TASK ITEM
An exact copy is needed of the lines in the entries below from the line with "X0000116310986201001111135" up to and including the line with "High angle view", and of nothing else. Leave the pictures out.

INFORMATION SUPPLIED
※

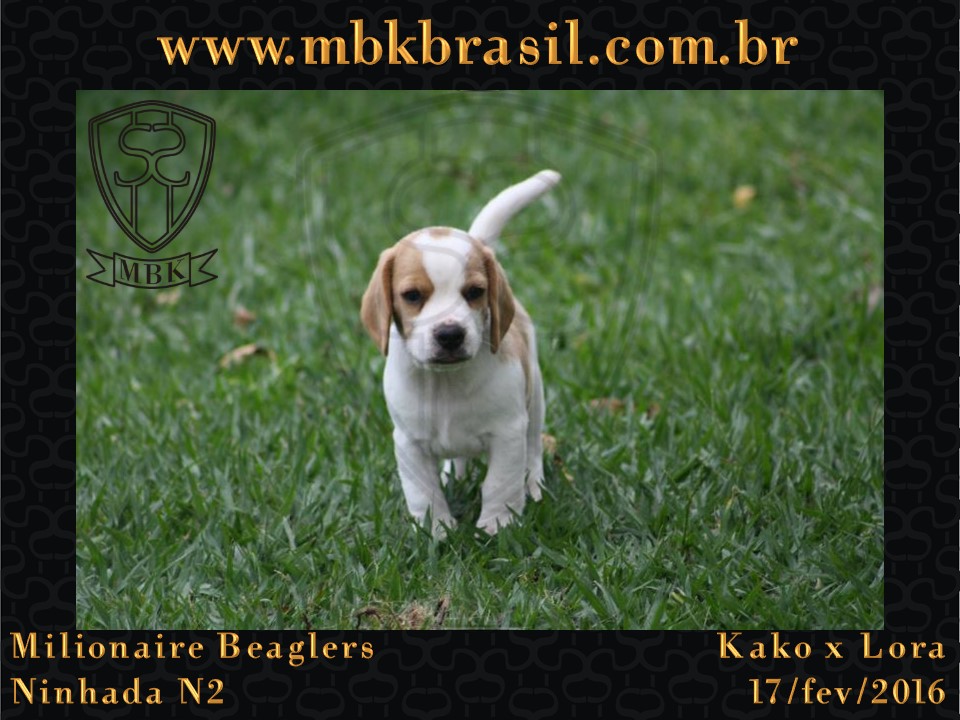Filhotes Kako x Lora-17fev2016 - web (33)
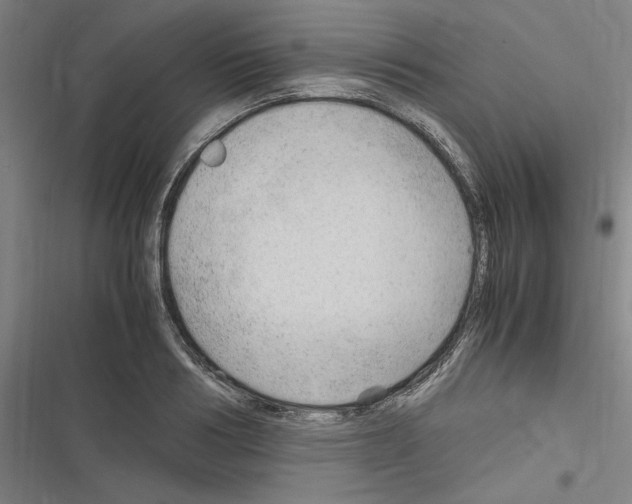 X0000116310986201001111135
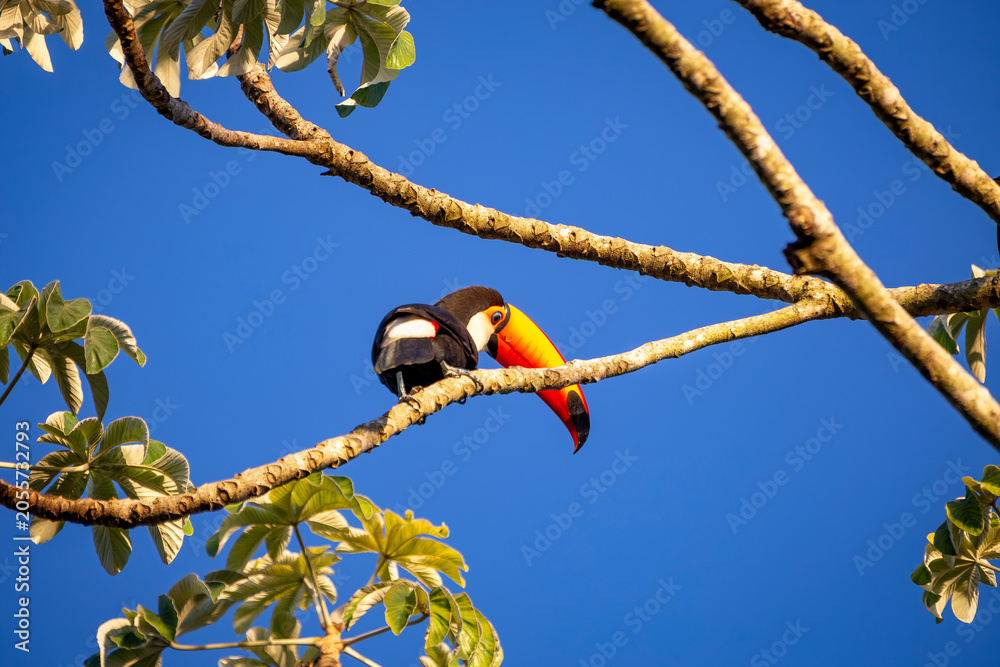 Fototapeta premium Toco Toucan perched on tropical tree branch against vibrant Blue sky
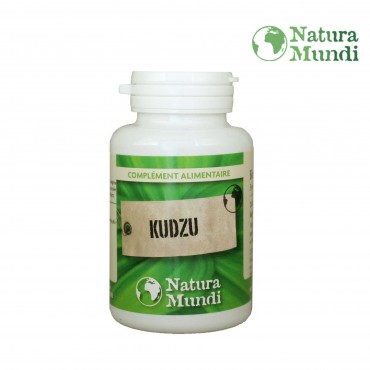 Kudzu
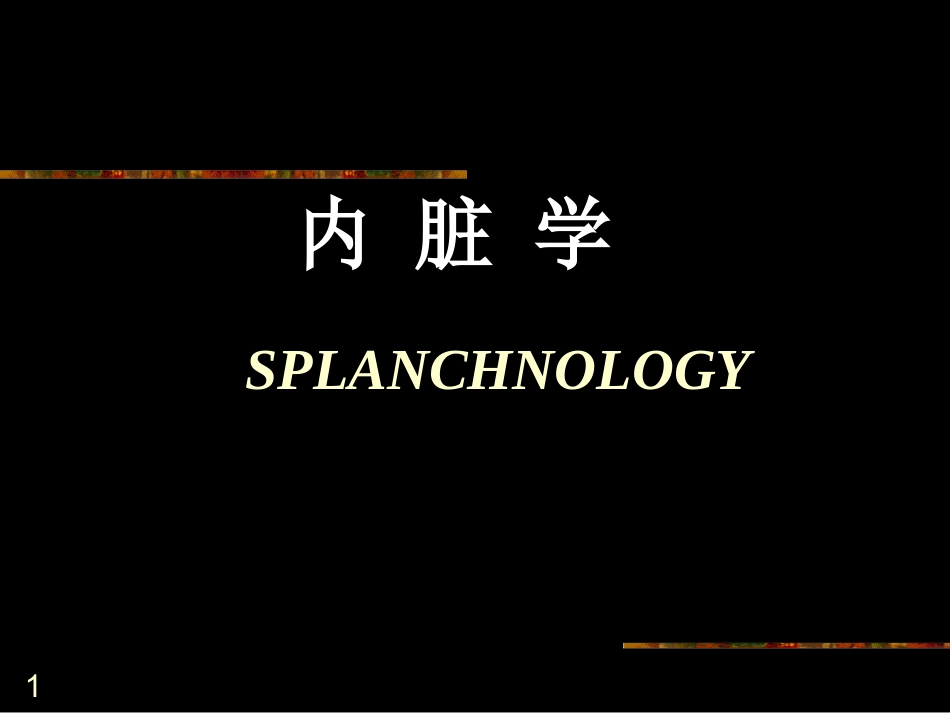 消化系统2013ppt.ppt_第1页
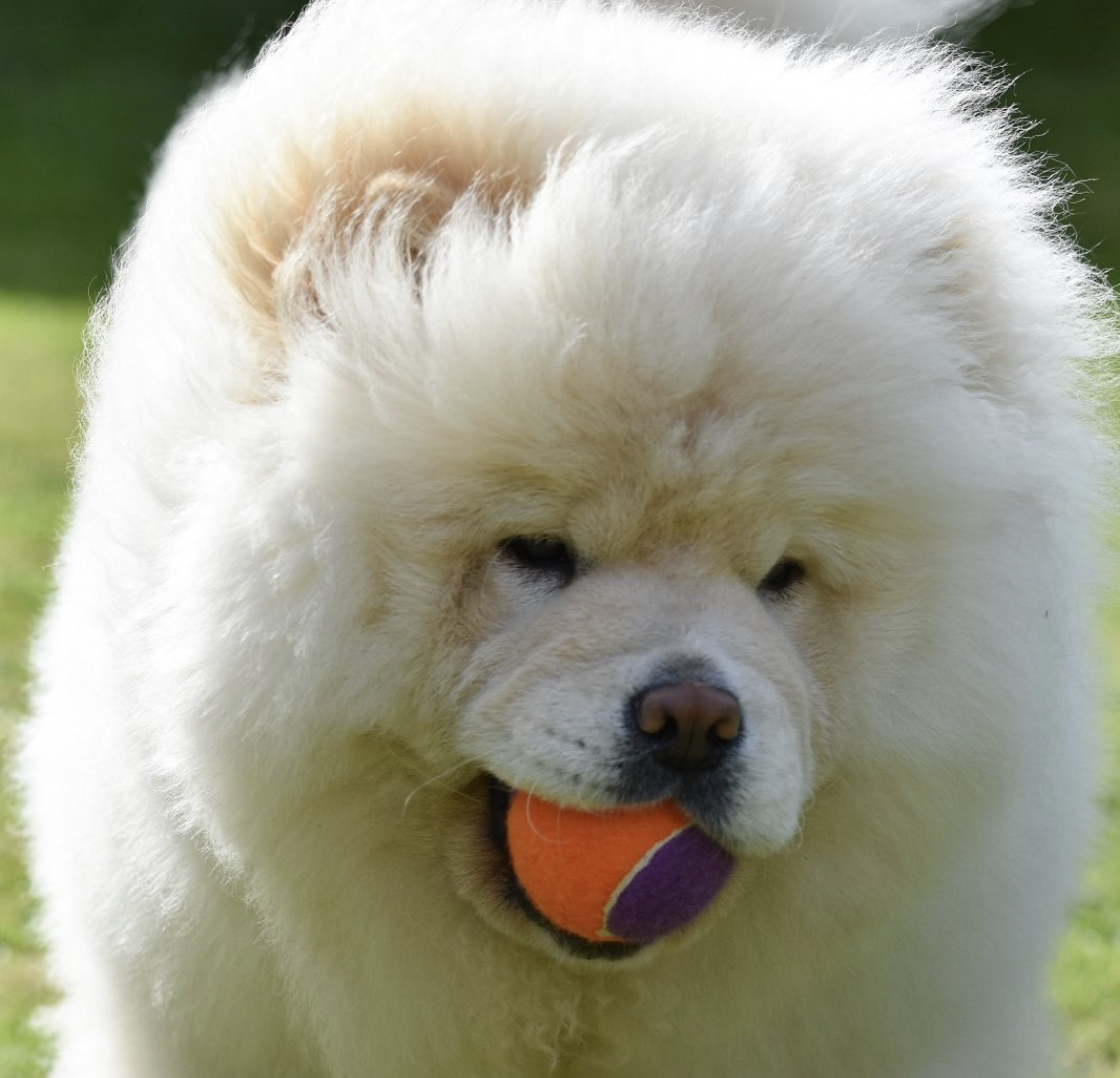 A white Chow Chow with a ball in its mouth
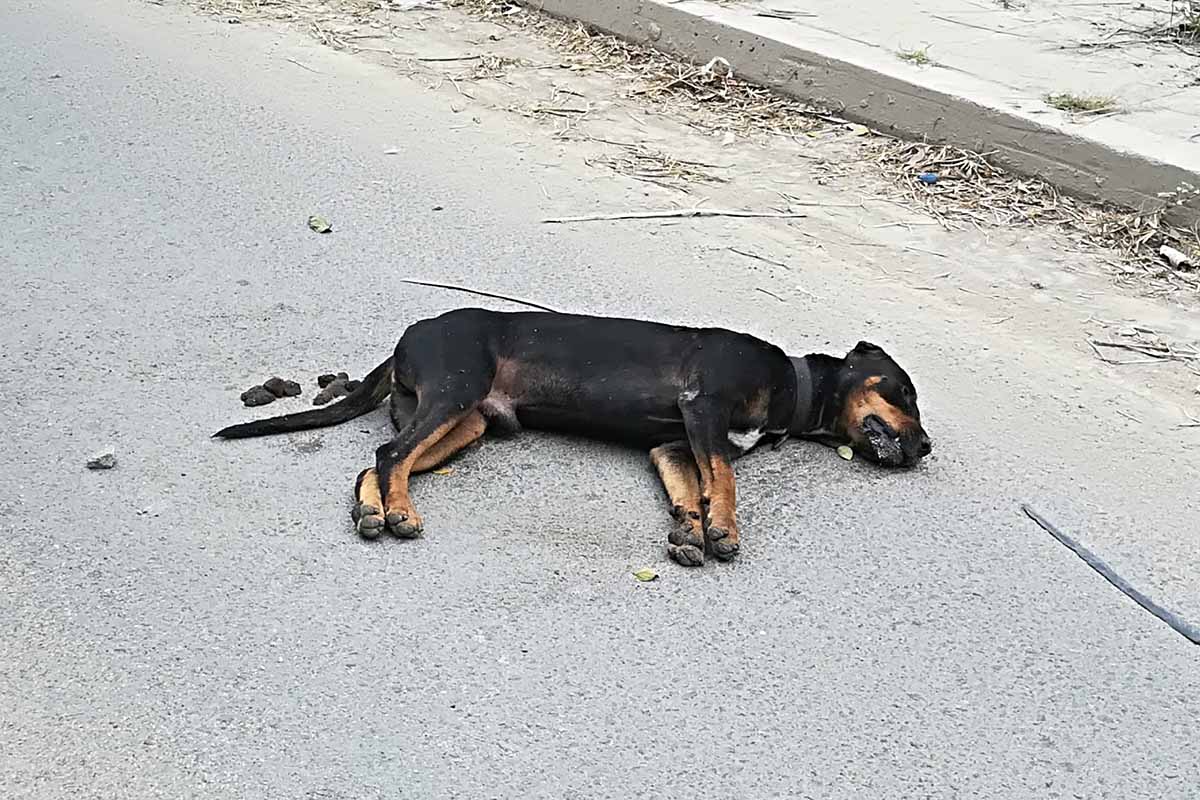 Seychellen: Regierung vergiftet und tötet heimatlose Hunde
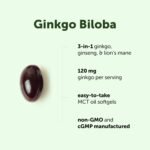 Micro Ingredients Ginkgo Biloba 120 mg Per Serving, 400 Softgels | 3-in-1 with Panax Ginseng & Lion’s Mane | Herbal Mushroom Blend | Made with MCT Oil | Non-GMO - Image 3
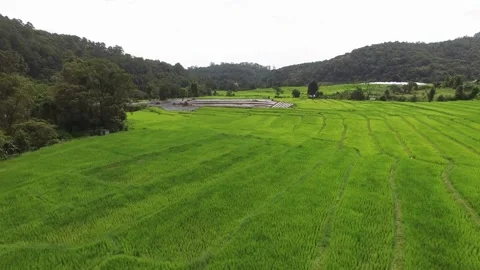High angle view of green rice field natural landscape. aerial photography of Stock Footage 256737139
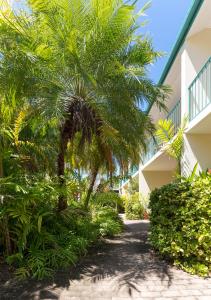 a palm tree in front of a building at Sails On Horseshoe in Horseshoe Bay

※

EXERCISE RESPONSE
 X0000116310986201001111135
 Fototapeta premium Toco Toucan perched on tropical tree branch against vibrant Blue sky
 Kudzu
 消化系统2013ppt.ppt_第1页
 A white Chow Chow with a ball in its mouth
 Seychellen: Regierung vergiftet und tötet heimatlose Hunde
 Micro Ingredients Ginkgo Biloba 120 mg Per Serving, 400 Softgels | 3-in-1 with Panax Ginseng & Lion’s Mane | Herbal Mushroom Blend | Made with MCT Oil | Non-GMO - Image 3
High angle view of green rice field natural landscape. aerial photography of Stock Footage 256737139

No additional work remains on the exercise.